▸ Given records:

--------

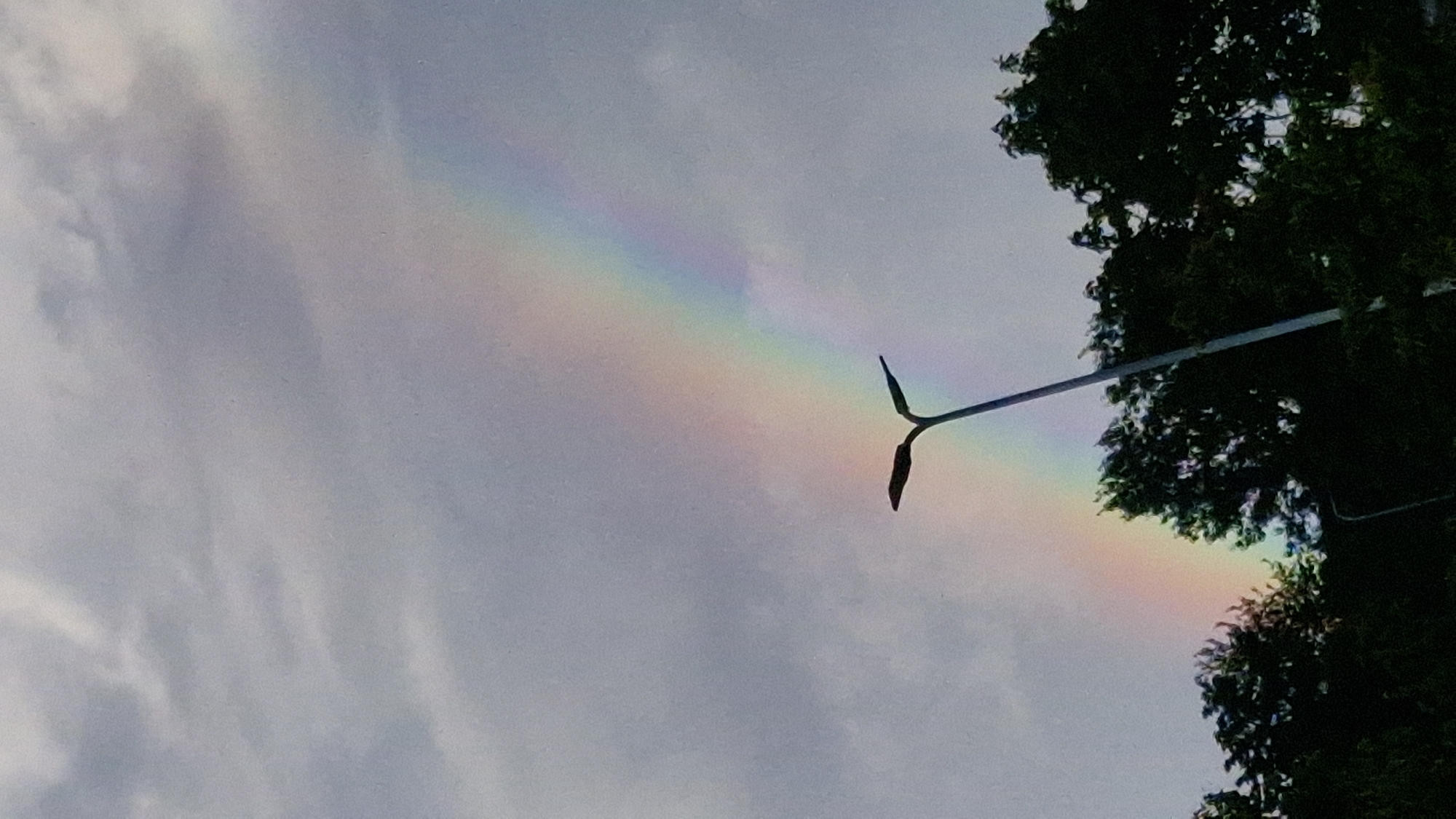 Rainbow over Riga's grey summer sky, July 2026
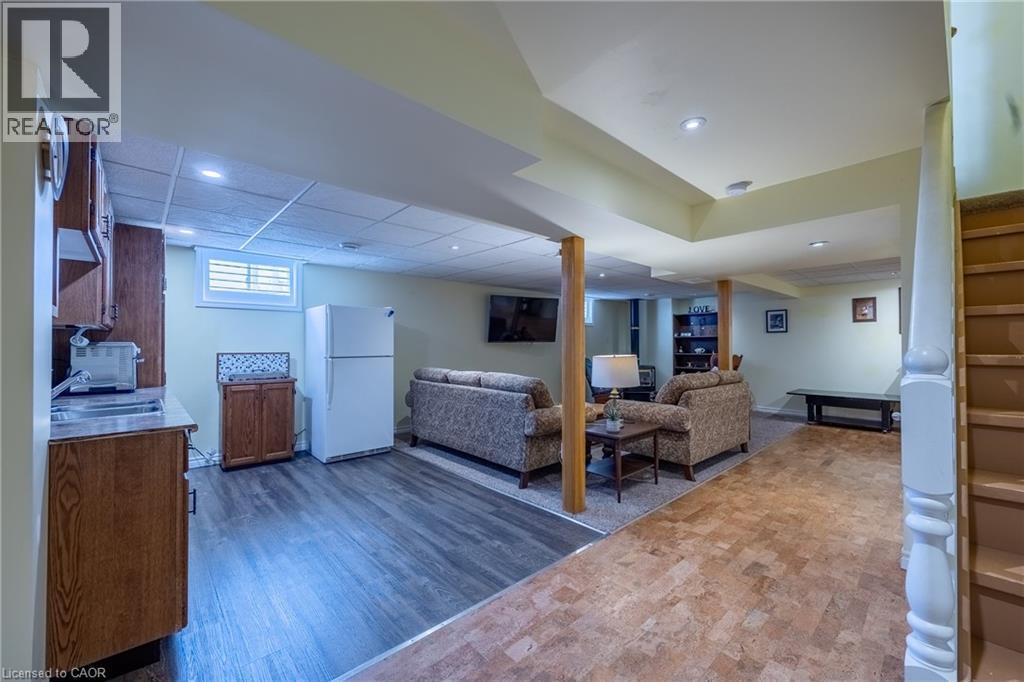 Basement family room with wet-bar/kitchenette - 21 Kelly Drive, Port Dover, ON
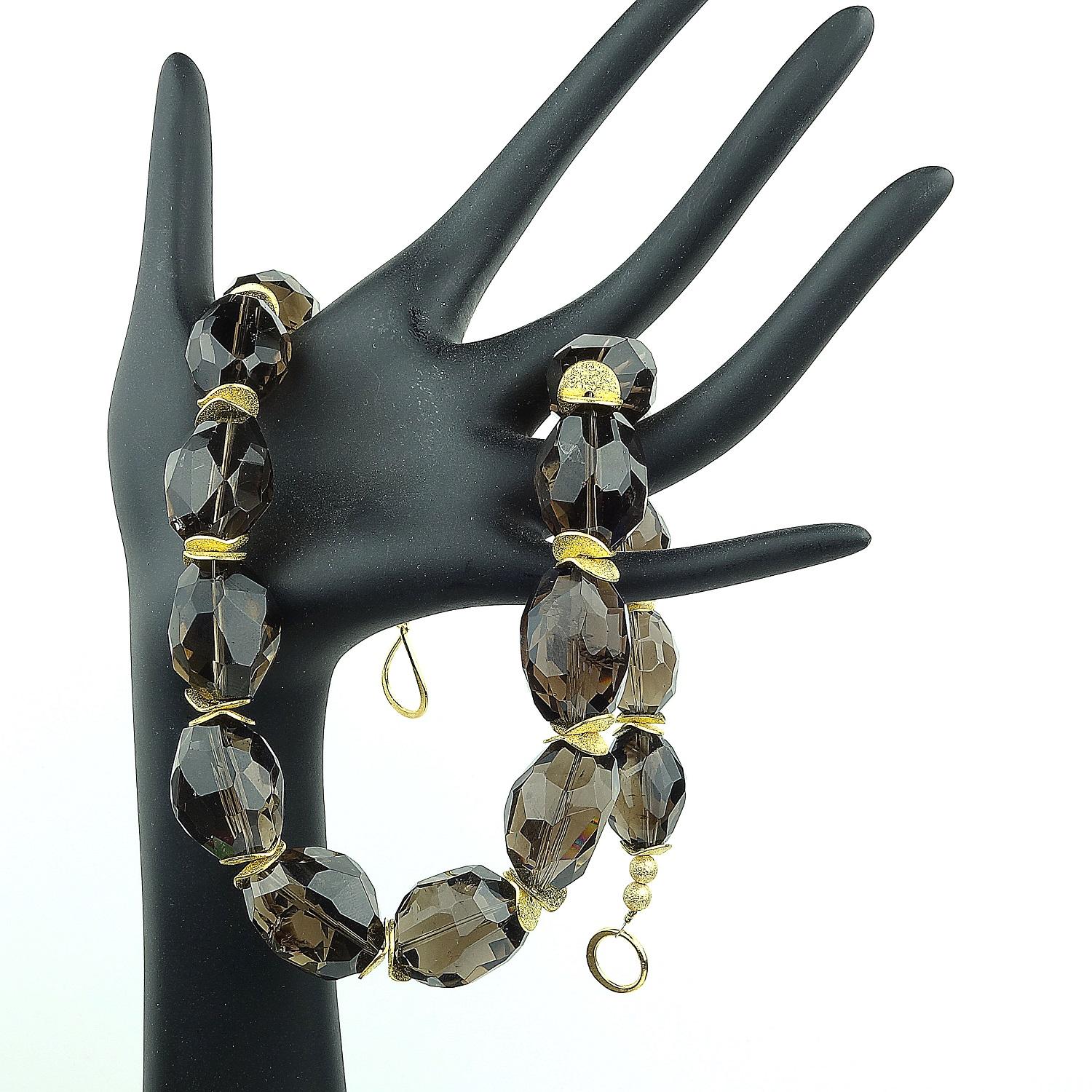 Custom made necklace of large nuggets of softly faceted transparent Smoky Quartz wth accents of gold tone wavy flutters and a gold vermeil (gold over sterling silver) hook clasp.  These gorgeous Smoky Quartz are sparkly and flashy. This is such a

--------

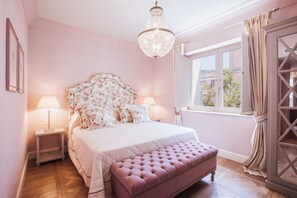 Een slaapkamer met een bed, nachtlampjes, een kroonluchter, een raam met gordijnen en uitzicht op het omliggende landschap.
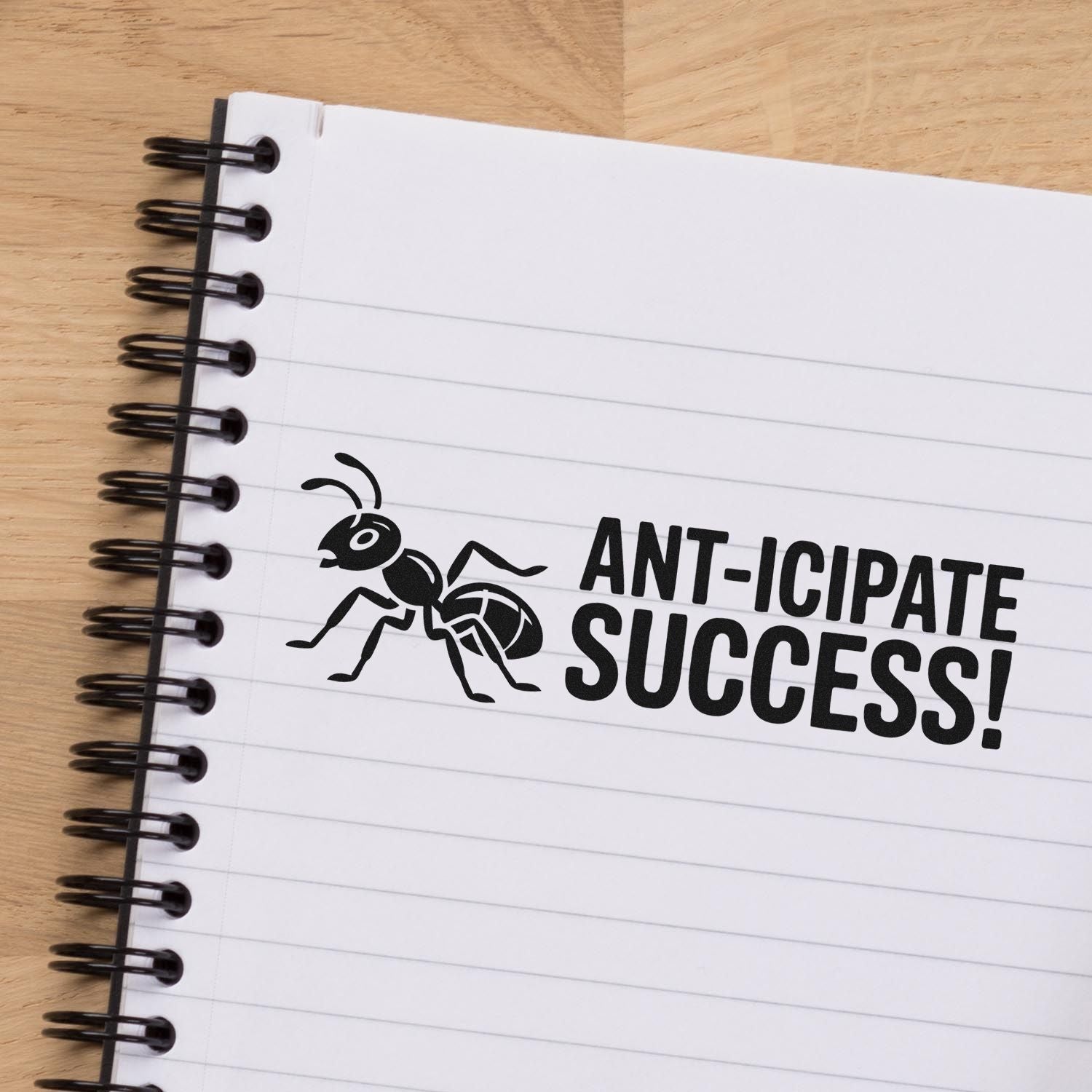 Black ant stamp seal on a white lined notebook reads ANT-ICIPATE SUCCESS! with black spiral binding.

--------

▸ What the exercise asks: All that should be printed is the run of lines above from the one with "Rainbow over Riga's" through the one with "Custom made necklace", both included, exactly as given, with pictures left out.

▸ Reply:
 Rainbow over Riga's grey summer sky, July 2026
 Basement family room with wet-bar/kitchenette - 21 Kelly Drive, Port Dover, ON
 Custom made necklace of large nuggets of softly faceted transparent Smoky Quartz wth accents of gold tone wavy flutters and a gold vermeil (gold over sterling silver) hook clasp.  These gorgeous Smoky Quartz are sparkly and flashy. This is such a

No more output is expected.